[BUG 5.3-rc5] rwsem: use after free on task_struct if task exits with rwsem held

* [BUG 5.3-rc5] rwsem: use after free on task_struct if task exits with rwsem held
@ 2019-08-19  6:47 Dave Chinner
  2019-08-19 15:16 ` Waiman Long
  0 siblings, 1 reply; 2+ messages in thread
From: Dave Chinner @ 2019-08-19  6:47 UTC (permalink / raw)
  To: linux-kernel; +Cc: peterz, longman

Hi folks,

In trying to track down an XFS regression, I stumbled across KASAN
warnings about use-after-free behave in rwsems.

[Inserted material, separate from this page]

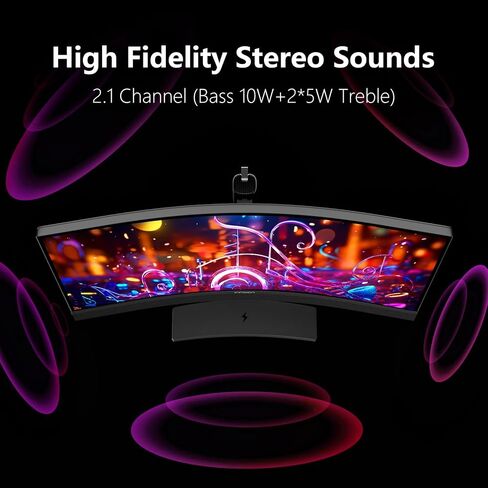 INNOCN 34 Inch Curved Ultrawide Gaming Monitor Mini LED 3440 x 1440p 165Hz PC Computer Gaming Monitor, USB Type C Power Delivery, HDMI, DP, Stereo Speakers, Charger Pad, Black in Kuwait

Essentially, the XFS regression is triggering an ASSERT, which is
BUG()ing a kernel thread that is holding the superblock s_umount
rwsem in write mode (it is a mount problem).

Once that thread has been killed (segv), the rwsem it held now has
no valid owner - the owning task_struct has been freed. When the
next attempt to access that superblock occurs (because it's visible
in the superblock list), either by attmepting to do something
through the block device (e.g. bdev_invalidate()) or by trying to
mount the block device again, we get use-after-free warnings on
the superblock s_umount rwsem.

Need 5.3-rc5 w/ CONFIG_XFS_DEBUG=y (needed for the BUG to trigger),
CONFIG_KASAN=y (to change the memory allocation alignment to cause
IO failures that cause the conditions for the BUG to to trigger).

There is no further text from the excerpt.